أَنْتَ رَبِّي أَنْتَ حَسْبِي أَنْتَ لِي نِعْمَ الْوَكِيـلْ


رَبِّ هَبْ لِي كَنْزَ فَضْلٍ أَنْتَ وَهَّابٌ كَرِيـمْ

أَعْطِنِـي مَا فِي ضَمِيرِي دُلَّنِي خَيْرَ الدَّلِيـلْ


هَبْ لَنَا مُلْكًا كَبِـيرًا نَجِّـنَا مِمَّا نَـخَـافْ

رَبَّنَا إِذْ أَنْـتَ قَاضِي وَالْمُنَـادِي جَبْرَائِيـلْ

أَيْنَ مُوسَى أَيْـنَ عِيسَى أَيْـنَ يَحْيَ أَيْنَ نُوحْ

أَنْـتَ يَا صِدِّيقُ عَاصـِي تُـبْ إِلَـى الْمَوْلَى الْجَلِيلْ.


Hazret-i Ebû Bekir RA’ın Matbû Kasîde-i Bürde’nin Başında Yer Alan Şiirinin Manzum Tercümesi:


Lutf ile cûd eyle yâ Rab, bana kim, hayrım kalîl.

Müflisim gerçek, kapına geldim işte yâ Celîl!


Pek büyük olsa da zenbim, afvedip ört suçlarım;

Bir garîp, avâre, müznib kulunum, gàyet zelîl.


Benden isyan ve unutmak, peş peşe nice hatâ;

Senden ise fazl u ikram, bunca ihsân-ı cezîl.


Der içim: Yâ Rab, günahım sayısızdır, kum gibi;

Bunları sen afvedip geç, eyleyip safh-ı cemîl.

114

Nola halim, yâ ilâhi! Etmedim sàlih amel,

Bed işim pek çoktur amma, taat azığım kalîl.


Her çeşit emrâzı def et; hacetim eyle revâ,

Şâfi sensin, hasta kalbim; derman ister bu alîl.


Yakmasın nâr-ı cehennem ben kulunu, nitekim:

Yanmadı “Yâ nâru kûnî berden”18 emriyle Halîl.


Şâfi sensin, kâfi sensin, her mühim işte bana,

Rabbim oldun, hasbim ol hem, seni edindim vekîl.

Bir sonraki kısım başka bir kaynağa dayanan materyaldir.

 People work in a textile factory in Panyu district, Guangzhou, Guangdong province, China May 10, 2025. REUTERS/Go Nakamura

Kenz-i fazlı ver bana kim, bahşı çok Vehhâb’sın; Gönlümün ver her murâdın, yolda ol bana delîl.


Bir ulu mülkü bağışla, korkudan kurtar bizi;

Rabbimiz! Mahşerde kàdı sen, nidâcın Cebraîl.


Nerde Mûsâ, nerde İsâ, nerde Yahyâ, nerde Nuh?

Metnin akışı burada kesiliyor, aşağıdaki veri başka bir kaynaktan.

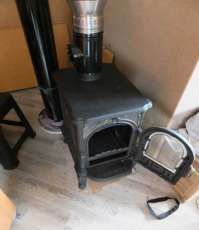 Недорогой печь-камин со стеклом Сибирь 6 фото в интерьере в Пинске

Suçlusun Sıddîk mâdem, tevbe et, Mevlâm Celîl.




(Diyânet Gazetesi, s. 215, 15 Haziran 1979, sf. 4)






18 El-Enbiyâ Sûresi (21), ayet: 69’dan iktibas edilmiştir. Ayetin meali şöyledir: “Biz Azîmü’ş-şân, yakılan o ateşe şöyle emreyledik: Ey ateş! İbrâhim’i yakma, onun için soğuk ve selâmetlik ol!”